2. User History and Memory
What does the model know about this specific user? Their preferences, past interactions, account details, and the current conversation. This is where most AI products either over-invest (stuffing everything into context) or under-invest (treating every session like the user is a stranger). The right approach depends on your product, but the principle is universal: the model should know enough about the user to avoid asking redundant questions, without so much history that it gets confused. Our deep dive on AI memory and context covers the specific patterns for managing this layer.
3. Retrieved Knowledge (RAG)
Documents, knowledge base articles, database rows, API responses. This is the information the model needs to ground its answers in facts rather than hallucinations. The context engineering challenge is relevance ranking. Embedding similarity alone is a blunt instrument. Production systems need reranking, metadata filtering, recency weighting, and chunk-size tuning that varies by query type.
4. Tool Results
When your agent calls tools (APIs, databases, code execution), the results flow back into context. This layer is easy to ignore because it feels automatic, but it is one of the biggest sources of context pollution. A single API response can dump 50K tokens of JSON into the window. You need strategies for summarizing tool results, extracting only relevant fields, and deciding when to drop old tool outputs from the running context.
5. Orchestration Metadata
In multi-step agent workflows, the model needs to know what it has already tried, what failed, and what the current plan is. This is the "scratchpad" layer, and it is critical for agents that run more than a few turns. Without it, agents loop, retry failed approaches, and lose track of their own progress. With it, they can reason about their own execution and course-correct.
The art of context engineering is deciding, at each step, how much budget to give each layer. A customer support agent might allocate 60% to user history and knowledge retrieval, 20% to tool results, and keep the rest for system instructions and orchestration. A coding agent might flip that ratio entirely.

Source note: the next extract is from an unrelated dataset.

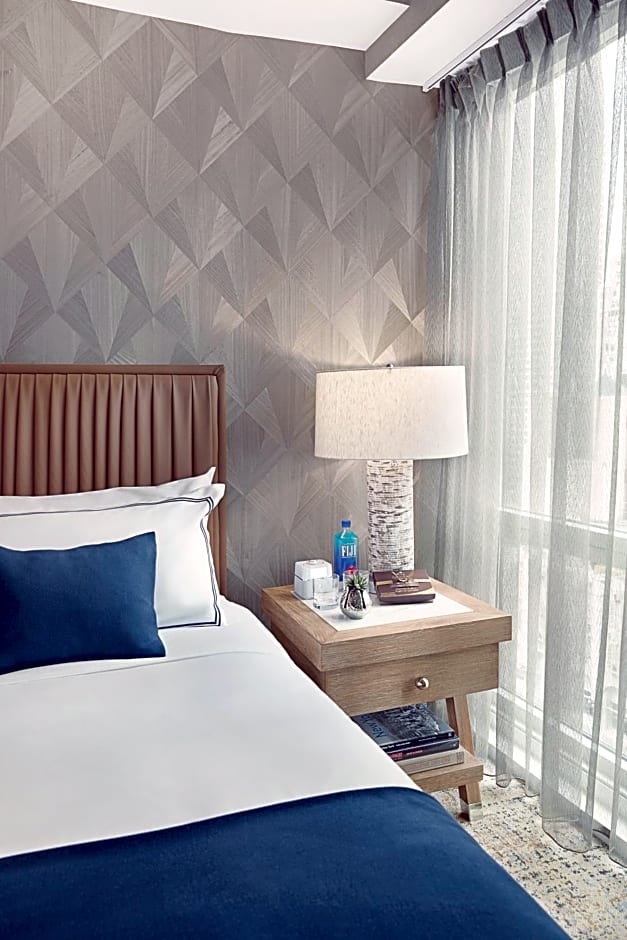 Artezen Hotel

There is no universal answer, which is exactly why this is a skill and not a configuration.
How Top AI Products Do Context Engineering
The best way to understand context engineering is to study the products getting it right. Three products in particular have set the bar in 2026, and each takes a meaningfully different approach.
Cursor: Context as Code Intelligence
Cursor's AI code editor is arguably the most sophisticated context engineering system shipping to consumers today. When you ask Cursor to edit a function, it does not just stuff your entire codebase into the prompt. It builds a targeted context window using a combination of techniques: AST-aware file retrieval that pulls in imports and type definitions, recently edited file tracking, git diff awareness, and a lightweight codebase index that maps symbols to locations. The result is that the model sees exactly the files it needs and almost nothing it does not.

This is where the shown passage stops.